What you need to do> An exact copy of all the data below is needed, without its pictures.

Dataset content>

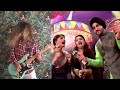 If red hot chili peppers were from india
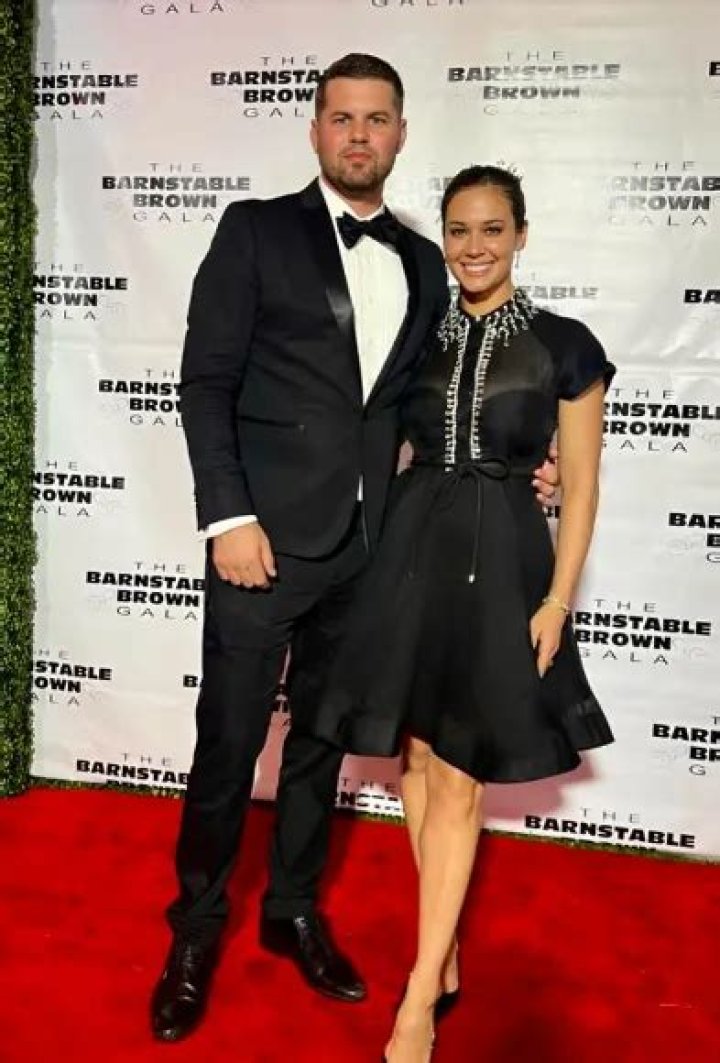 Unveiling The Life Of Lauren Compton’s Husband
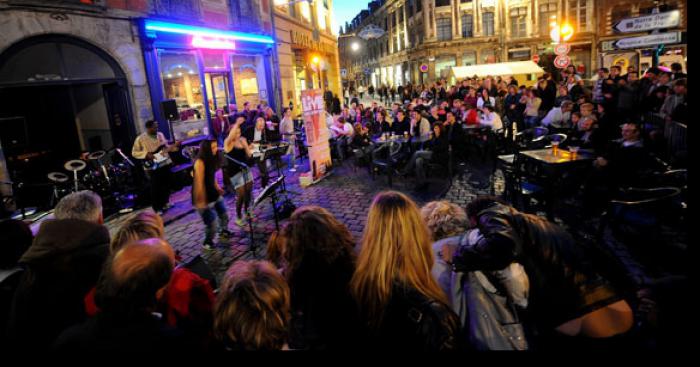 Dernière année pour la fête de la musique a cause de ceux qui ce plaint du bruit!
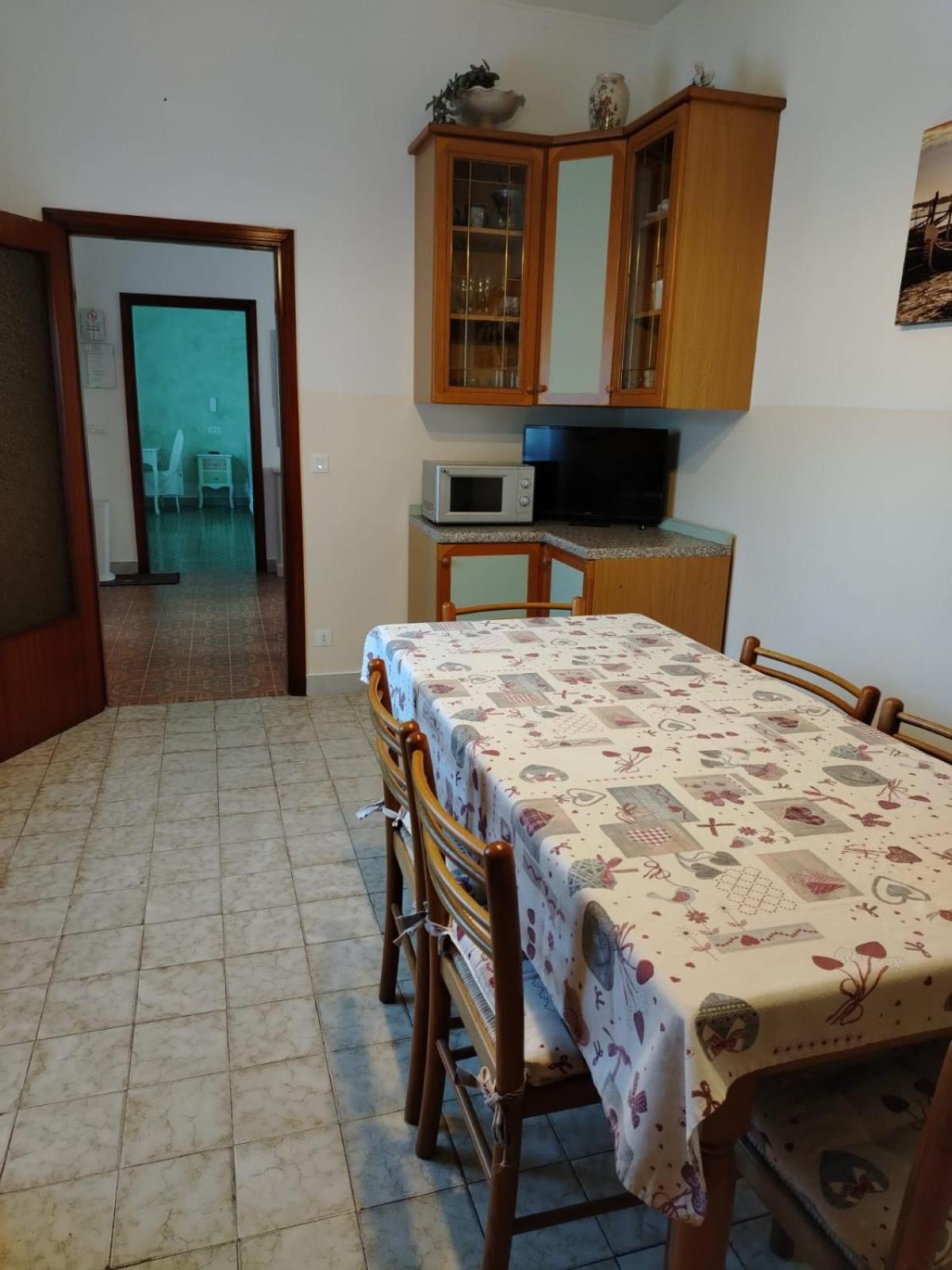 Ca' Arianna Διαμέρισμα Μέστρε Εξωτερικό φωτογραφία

Problem solution>
 If red hot chili peppers were from india
 Unveiling The Life Of Lauren Compton’s Husband
 Dernière année pour la fête de la musique a cause de ceux qui ce plaint du bruit!
 Ca' Arianna Διαμέρισμα Μέστρε Εξωτερικό φωτογραφία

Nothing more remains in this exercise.